__WHAT YOU NEED TO DO__. Nothing outside the range is wanted. Repeat exactly the lines below from the one with "վ appٷ v1.6.3" through the one with "Прогноз Буданова. Мосейчук - Буданов".

__TASK INPUT__.
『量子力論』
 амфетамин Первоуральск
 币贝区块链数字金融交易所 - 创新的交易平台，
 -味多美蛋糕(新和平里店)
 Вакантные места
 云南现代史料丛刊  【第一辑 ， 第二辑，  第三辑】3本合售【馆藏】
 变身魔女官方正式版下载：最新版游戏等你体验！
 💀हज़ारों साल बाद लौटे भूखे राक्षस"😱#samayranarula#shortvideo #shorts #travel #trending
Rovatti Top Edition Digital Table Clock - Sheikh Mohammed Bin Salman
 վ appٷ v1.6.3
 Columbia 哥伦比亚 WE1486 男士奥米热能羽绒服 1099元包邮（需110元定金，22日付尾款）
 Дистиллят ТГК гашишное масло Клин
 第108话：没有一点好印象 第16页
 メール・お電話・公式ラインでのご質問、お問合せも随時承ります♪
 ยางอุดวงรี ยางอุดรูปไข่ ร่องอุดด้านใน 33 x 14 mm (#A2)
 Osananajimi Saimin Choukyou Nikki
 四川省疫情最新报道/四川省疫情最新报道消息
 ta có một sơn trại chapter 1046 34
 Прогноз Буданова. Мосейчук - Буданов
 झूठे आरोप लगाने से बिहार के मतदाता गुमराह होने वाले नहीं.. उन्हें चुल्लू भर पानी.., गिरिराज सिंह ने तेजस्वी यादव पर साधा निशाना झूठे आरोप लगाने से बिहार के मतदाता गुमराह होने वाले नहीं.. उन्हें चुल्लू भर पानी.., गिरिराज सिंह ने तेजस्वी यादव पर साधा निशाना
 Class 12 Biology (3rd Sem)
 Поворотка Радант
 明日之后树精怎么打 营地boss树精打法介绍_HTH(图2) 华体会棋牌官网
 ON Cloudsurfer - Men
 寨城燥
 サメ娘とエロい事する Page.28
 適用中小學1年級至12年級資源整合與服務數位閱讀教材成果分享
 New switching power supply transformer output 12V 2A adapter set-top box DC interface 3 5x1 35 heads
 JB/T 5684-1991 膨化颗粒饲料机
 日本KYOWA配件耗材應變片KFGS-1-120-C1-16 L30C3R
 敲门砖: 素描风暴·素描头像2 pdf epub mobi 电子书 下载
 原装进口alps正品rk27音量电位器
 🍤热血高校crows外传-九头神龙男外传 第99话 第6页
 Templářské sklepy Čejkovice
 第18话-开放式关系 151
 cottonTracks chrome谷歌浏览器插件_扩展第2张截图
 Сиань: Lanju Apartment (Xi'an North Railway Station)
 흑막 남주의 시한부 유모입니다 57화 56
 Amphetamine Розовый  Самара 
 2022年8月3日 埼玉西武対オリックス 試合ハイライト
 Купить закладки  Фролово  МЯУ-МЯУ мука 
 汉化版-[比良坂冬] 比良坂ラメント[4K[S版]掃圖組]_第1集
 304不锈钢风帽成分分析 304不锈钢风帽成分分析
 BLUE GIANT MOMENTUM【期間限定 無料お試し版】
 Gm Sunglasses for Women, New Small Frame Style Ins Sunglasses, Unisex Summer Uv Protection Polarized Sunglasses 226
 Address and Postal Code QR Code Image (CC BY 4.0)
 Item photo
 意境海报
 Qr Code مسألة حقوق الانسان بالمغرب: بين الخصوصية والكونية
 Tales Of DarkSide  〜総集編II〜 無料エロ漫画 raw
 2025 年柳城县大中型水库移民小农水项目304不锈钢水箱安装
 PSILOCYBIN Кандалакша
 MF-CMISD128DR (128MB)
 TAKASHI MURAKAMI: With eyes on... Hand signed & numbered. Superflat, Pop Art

__RESPONSE BELOW__.
 վ appٷ v1.6.3
 Columbia 哥伦比亚 WE1486 男士奥米热能羽绒服 1099元包邮（需110元定金，22日付尾款）
 Дистиллят ТГК гашишное масло Клин
 第108话：没有一点好印象 第16页
 メール・お電話・公式ラインでのご質問、お問合せも随時承ります♪
 ยางอุดวงรี ยางอุดรูปไข่ ร่องอุดด้านใน 33 x 14 mm (#A2)
 Osananajimi Saimin Choukyou Nikki
 四川省疫情最新报道/四川省疫情最新报道消息
 ta có một sơn trại chapter 1046 34
 Прогноз Буданова. Мосейчук - Буданов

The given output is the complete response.